Two structures: a set and a list.
In the set, you store nodes you have already visited. This prevents you from following cycles.
The list is of objects containing: (1) a node, and (2) a pointer back to the node that found it.
Starting at the start node, add it to the set, add it to the list with a null back reference, and then add all the nodes it can reach to the list with back references to the index 0 in the list (the start node).
Then for each element in the list thereafter, up until you reach the end, do the following:
- if it is in the set already skip it (you have already visited it) and move to the next item in the list.
- otherwise, add it to the set, and add all nodes it can reach to the list with back references to the index you are 'looking at' to the end of the list.
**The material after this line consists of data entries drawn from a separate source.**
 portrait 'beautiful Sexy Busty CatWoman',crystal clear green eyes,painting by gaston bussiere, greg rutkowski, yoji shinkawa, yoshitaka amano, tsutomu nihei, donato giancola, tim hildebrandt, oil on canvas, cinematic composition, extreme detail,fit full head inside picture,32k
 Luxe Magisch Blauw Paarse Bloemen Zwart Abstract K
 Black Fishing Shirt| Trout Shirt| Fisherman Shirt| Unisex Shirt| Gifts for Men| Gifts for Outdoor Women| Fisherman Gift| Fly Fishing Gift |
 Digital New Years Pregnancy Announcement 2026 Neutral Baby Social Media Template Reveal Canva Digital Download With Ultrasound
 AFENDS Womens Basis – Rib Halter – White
Then go to the next index in the list and repeat.
If at any point you reach the end node (optimally as you are adding it to the list - as opposed to visiting it in the list), track back through the back references to the start node and invert the path.
Example:
Given nodes 0 through 3, where
node0 --> node1
node0 --> node2
node1 --> node2
node2 --> node3
and node0 is START and node3 is END
SET = {}
LIST = []
Step 1 - add START:
SET = {node0}
LIST = [[node0, null]]
Step 2 - at index 0 of the list - add reachable nodes:
SET = {node0, node1, node2}
LIST = [[node0, null], [node1, 0], [node2, 0]]
Step 3 - at index 1 of the LIST - add reachable nodes:
node2 is already in the SET. skip adding reachable nodes to LIST.
SET = {node0, node1, node2}
LIST = [[node0, null], [node1, 0], [node2, 0]]
Step 4 - at index 2 of the LIST - add reachable nodes:
SET = {node0, node1, node2, node3}
LIST = [[node0, null], [node1, 0], [node2, 0], [node3, 2]]
Step 5 - reached END, now backtrack:
The END node (node3) inserted in the LIST has a back reference to index 2 in the list, which is node2. This has a back reference to index 0 in the list, which is node0 (START). Invert this and you get a shortest path of node0 --> node2 --> node3.